Extracted records:

---------------

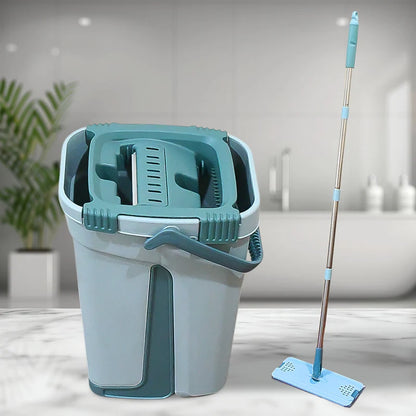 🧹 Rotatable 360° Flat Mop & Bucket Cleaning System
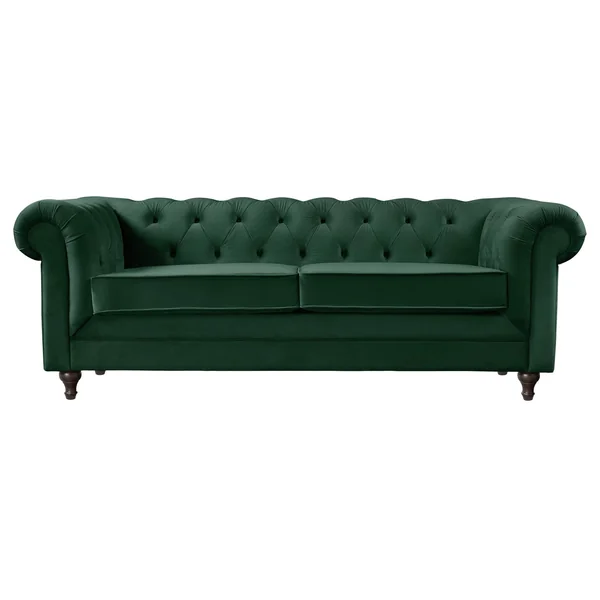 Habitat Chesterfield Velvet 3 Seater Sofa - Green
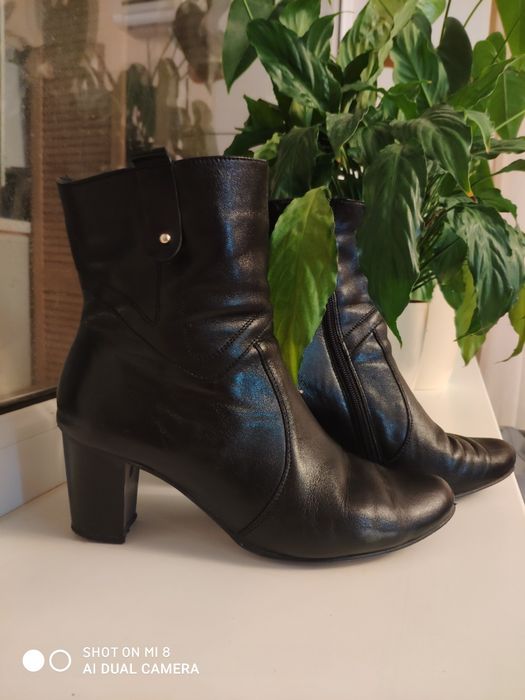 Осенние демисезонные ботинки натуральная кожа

---------------

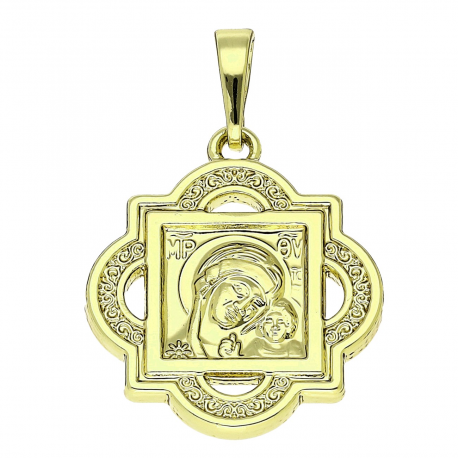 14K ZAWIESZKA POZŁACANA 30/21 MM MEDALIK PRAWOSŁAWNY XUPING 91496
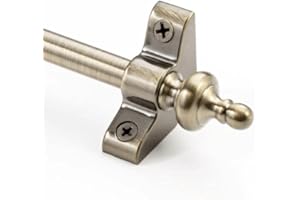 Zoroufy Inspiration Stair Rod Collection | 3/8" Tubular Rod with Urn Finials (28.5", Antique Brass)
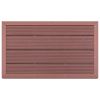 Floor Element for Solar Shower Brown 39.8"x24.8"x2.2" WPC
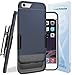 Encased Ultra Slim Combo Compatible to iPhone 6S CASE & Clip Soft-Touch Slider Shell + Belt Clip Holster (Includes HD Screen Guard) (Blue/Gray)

---------------

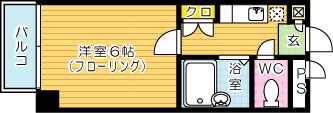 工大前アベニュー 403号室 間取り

---------------

Starting with the line above that holds "Habitat Chesterfield Velvet", restate each line word for word up to and including the line that holds "Осенние демисезонные ботинки". Drop the pictures.

Result:
 Habitat Chesterfield Velvet 3 Seater Sofa - Green
 Осенние демисезонные ботинки натуральная кожа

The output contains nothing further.